Yep, it must be +/-same. The 2/2 GB for userland/kernel is defined by 
HW.  Only size of shared libraries may affect (lower) usable user space 
for given program.
> 
>> All ports are built with default options. The only non-standard item is the swap size -> I have 16GB of swap on a swap partition on the SSD.
> 
> Wow, 16 GiBYtes of swap space for 2 GiBytes of RAM. I guess
> when the swap is added that you get a notice-pair of the
> structure:
> 
> QUOTE
> warning: total configured swap (. . . pages) exceeds maximum recommended amount (. . . pages).
> warning: increase kern.maxswzone or reduce amount of swap.
> END QUOTE
> 
> with a rather large difference between the two ". . ." figures.
> 
> Do you make other adjustments to deal with the otherwise-reported
> potential mistuning?
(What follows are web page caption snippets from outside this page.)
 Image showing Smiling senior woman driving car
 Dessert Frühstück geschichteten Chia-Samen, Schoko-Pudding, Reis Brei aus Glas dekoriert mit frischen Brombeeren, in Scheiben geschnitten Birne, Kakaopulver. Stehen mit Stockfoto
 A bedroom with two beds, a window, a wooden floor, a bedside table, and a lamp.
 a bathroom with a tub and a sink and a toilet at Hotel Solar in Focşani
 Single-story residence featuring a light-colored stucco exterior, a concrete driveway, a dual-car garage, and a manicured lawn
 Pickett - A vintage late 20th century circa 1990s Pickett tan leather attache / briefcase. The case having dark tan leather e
It appears to make tradeoffs in the kernel
> internal memory handling, if I understand right.
The above message should be interpreted as: warning, the kernel may in 
word, rear case need to allocate additional
memory when swapping some object(memory) out. This may leads to 
deadlock/panic. But again, event is this warning valid,
resulting deadlock/panic is very rare. I newer see it in past many years...



>> But I guess that's not important in this case.
> 
> At least for my context, it appears that memory allocations
> are failing to find a big enough free area inside the
> process's address space --without running out of system
> RAM+SWAP space overall.
> 
> For the OrangePi+ 2ed ( and devel/llvm18 18.1.7 ) it was
> during the earlier linker run for:
> 
> FAILED: bin/lli-child-target
> . . .
> LLVM ERROR: out of memory
> Allocation failed
> 
> That much finished just fine on the Windows DevKit
> 2023 used via a armv7 jail ( devel/llvm18 18.1.8_1 ).
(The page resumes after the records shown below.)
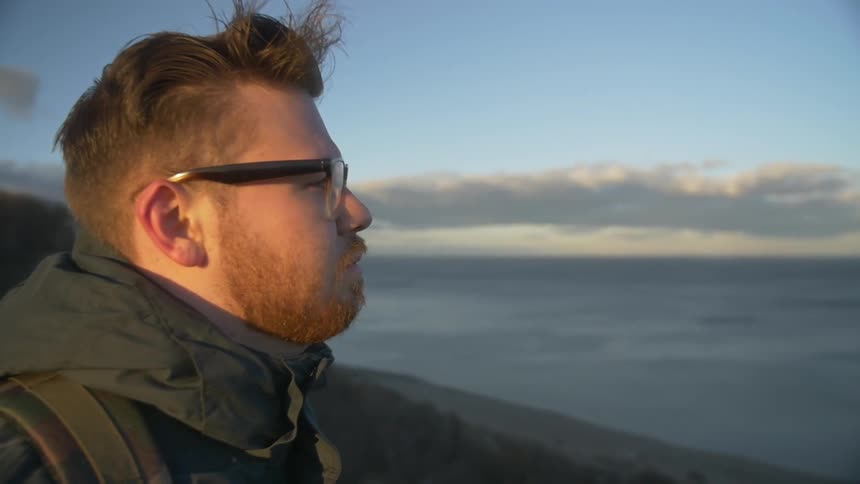 Man looking out over the water on a clear day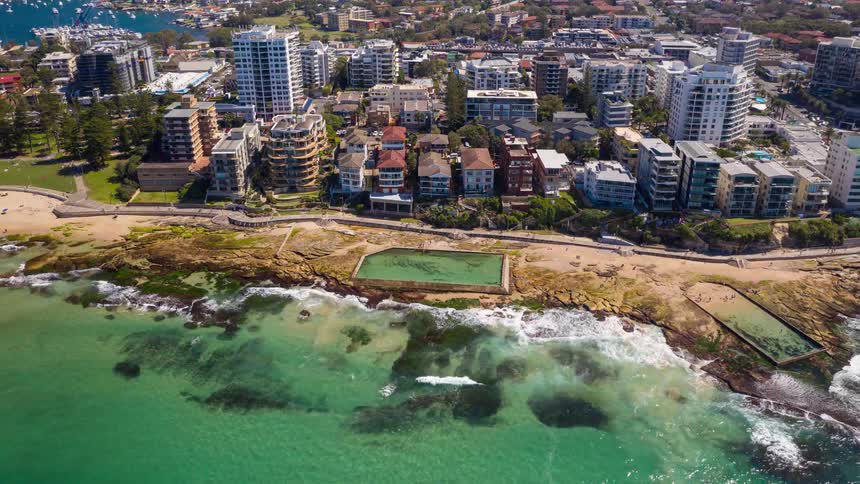 A time lapse of waves on a beach in a city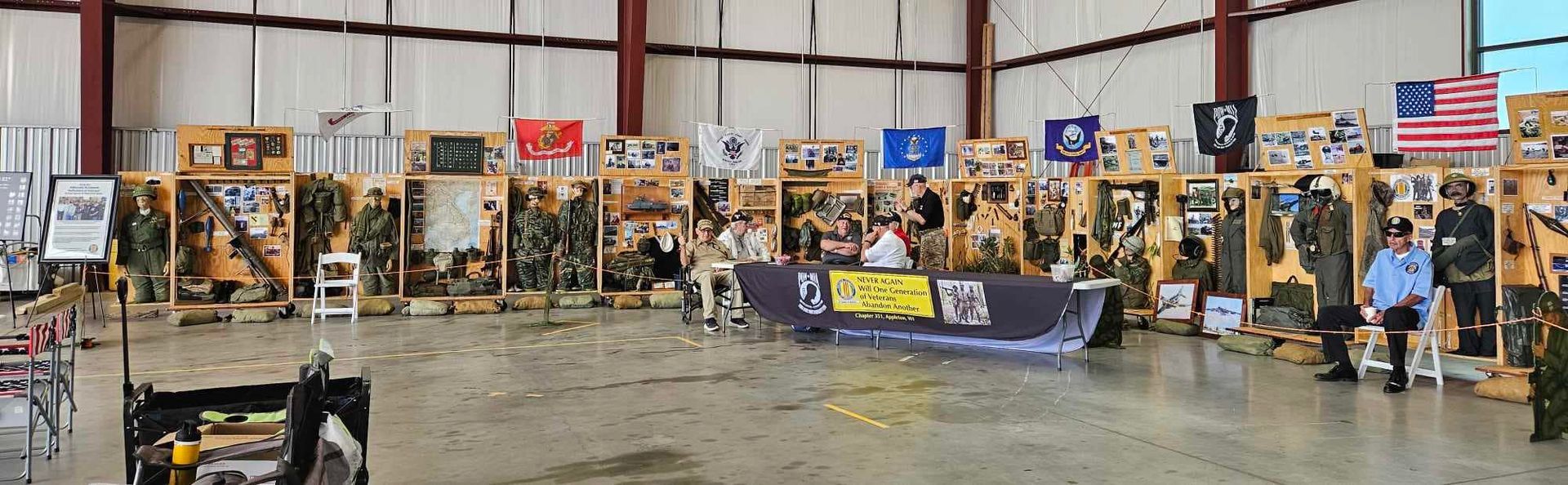 A large warehouse filled with lots of boxes and flags.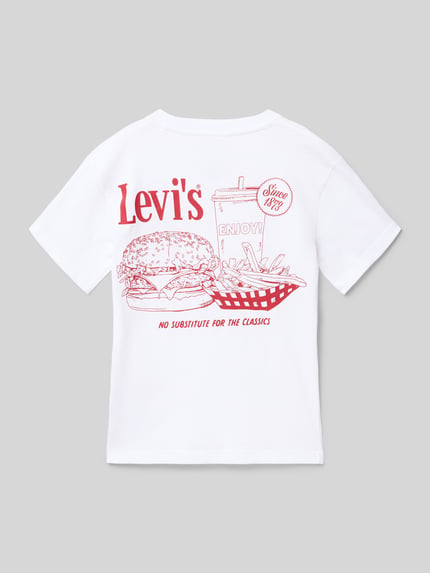 Junge trägt Regular Fit T-Shirt aus Baumwoll-Mix Modell 'LVB BURGER MEAL TEE' von Levi’s® Kids, Optik: Unifarben, Motiv-Print, Ganzkörperansicht Rückansicht.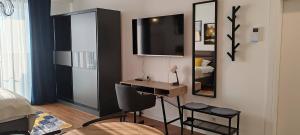 a bedroom with a desk and a mirror and a bed at Planet-A1012 in Niš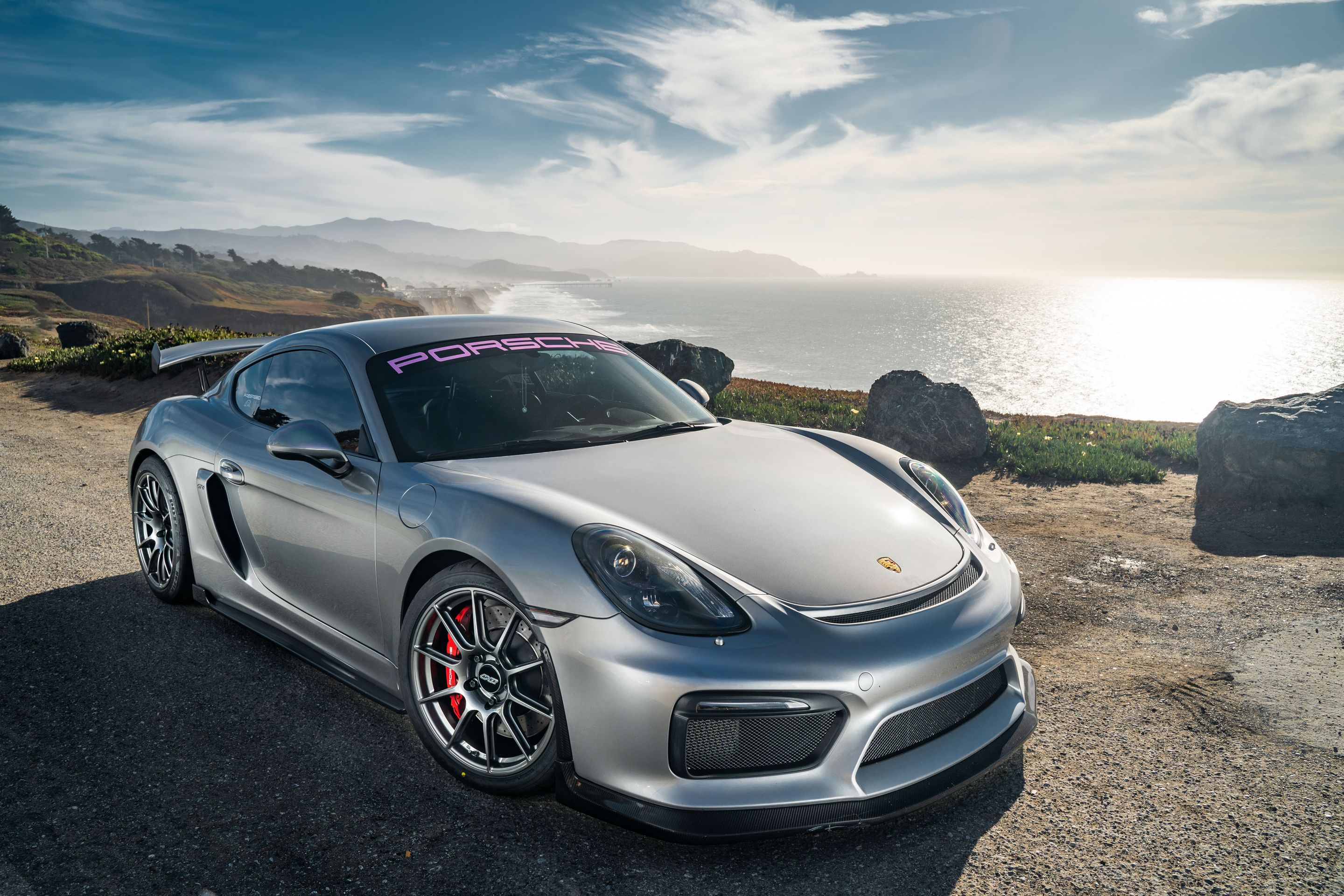 Silver Porsche 981 Cayman GT4 with 19" SM-10 Apex wheels in Anthracite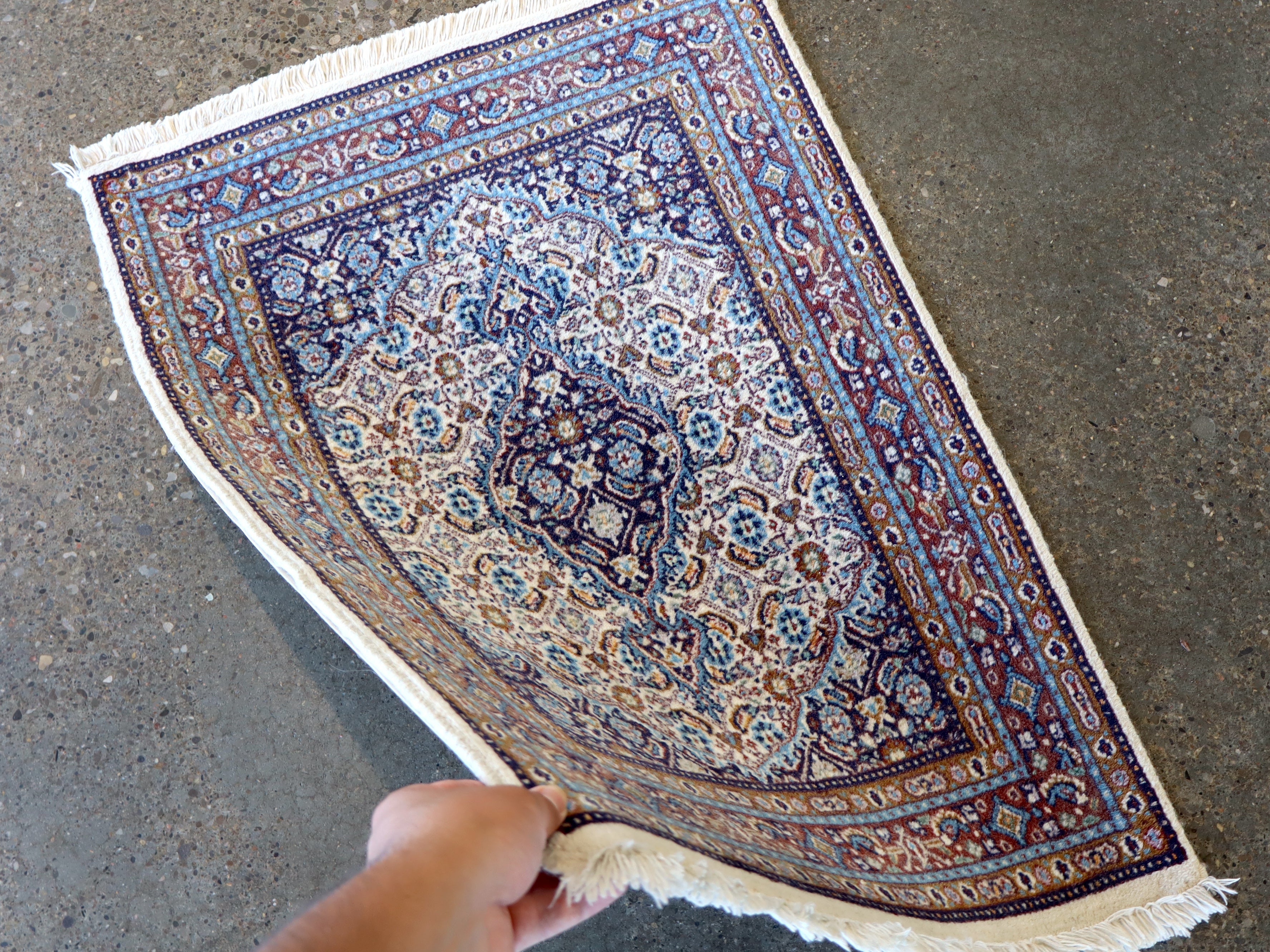 Moud rug shown at an angle with blue and white ornate motif, border trim, and fringe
> The failure point was in a later link ( matching what
> I saw via devel/llvm19 ).
> 
>> I just started build of llvm19 - but it takes few hours to complete..
> 
> Probably fewer hours than on the OrangePi+ 2ed but
> more than on the Windows DevKit 2023 (if they were
> completing, anyway).
> 

The native build is still running (60% in fact), arm32 jail build has 
been stopped on my Honeycomb (killed by OOM).Unfortunately this is an 
old problem and is common on all platforms. The current LLVM cannot be 
built without additional tricks on machines that have less than 2GB (RAM 
+ swap) per core.....

Michal